Competitive charge- and energy-transfer processes following core ionization in the Na−CO cluster

Abstract

Anion-molecule clusters constitute a very suitable class of systems for studying intermolecular (interatomic) charge-transfer (CT) processes following core ionization. A weakly bound electron of the anion in these clusters can be easily transferred to the core-ionized molecule. The screening effect of this electron may have a dramatic impact on core-level spectra and even account for a breakdown of the quasiparticle picture of core ionization. This is demonstrated here by calculating the O1s(-1) and C1s(-1) core ionization spectra of the Na- CO cluster using an ab initio fourth-order Green's-function method.

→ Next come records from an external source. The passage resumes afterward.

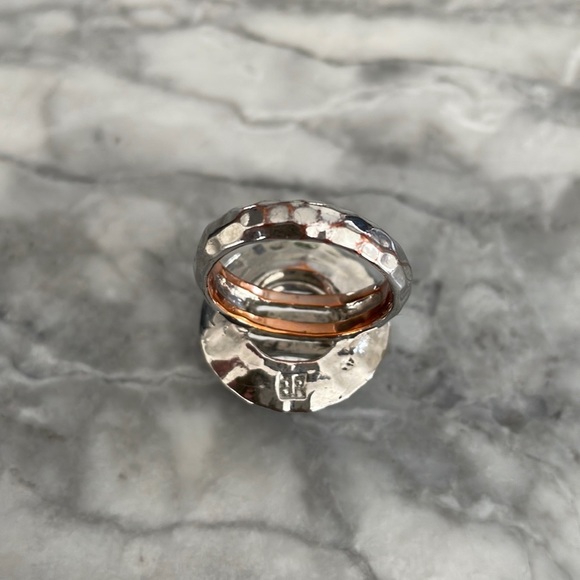 Ring bundle.  2 silver tone sparkly rings. - Picture 4 of 8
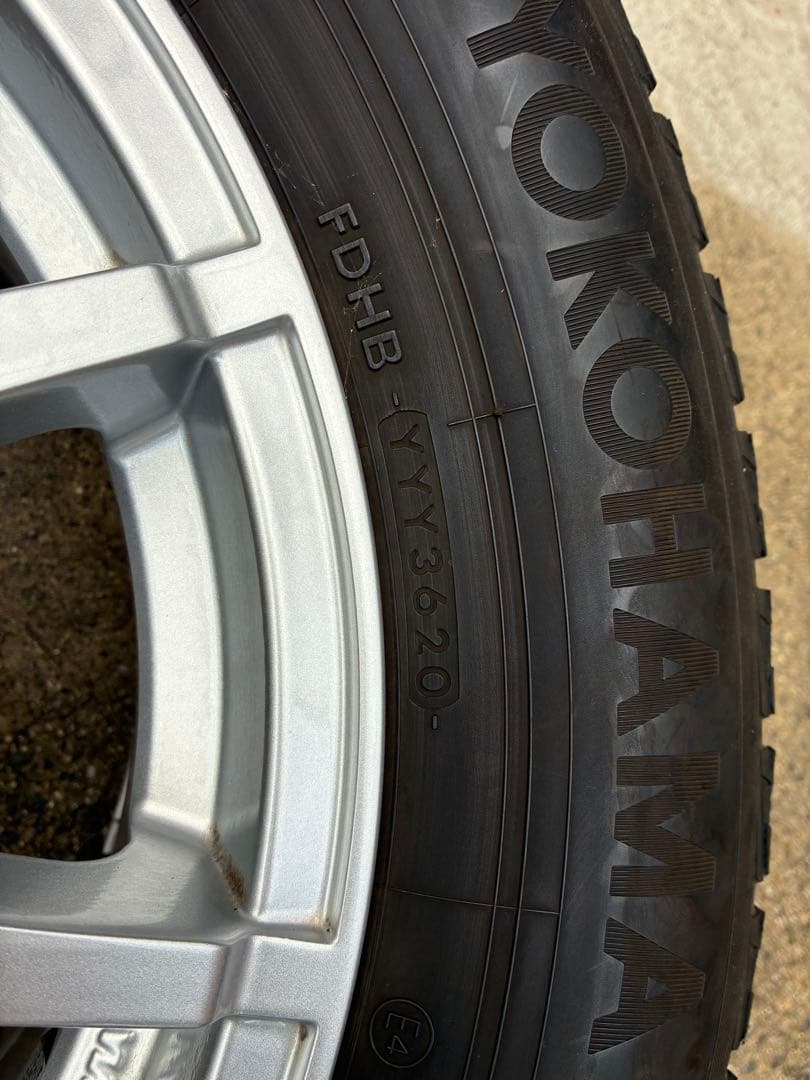 アルファード・ヴェルファイア　スタッドレス　大阪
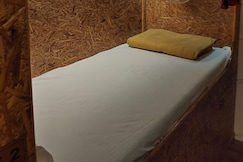 Yatri Residency Premium Beds, Mumbai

Interestingly, along with the CT processes in this cluster there exist also very efficient energy-transfer (ET) processes favored by the low excitation energies of Na-. These ET processes constitute an appreciable part of the electronic excitations following core ionization of Na- CO and exert thereby a strong influence on the spectra studied. The spectral features attributed to the ET processes are as pronounced as those attributed to the CT processes. Major differences in the behavior of CT and ET satellites as a function of the anion-molecule separation are found and explained. We compare also the O1s(-1) core ionization spectra of the Na- CO and Na- H2O clusters. Along with a certain similarity, these spectra exhibit substantial differences which are essentially attributed to the distinct cluster geometries.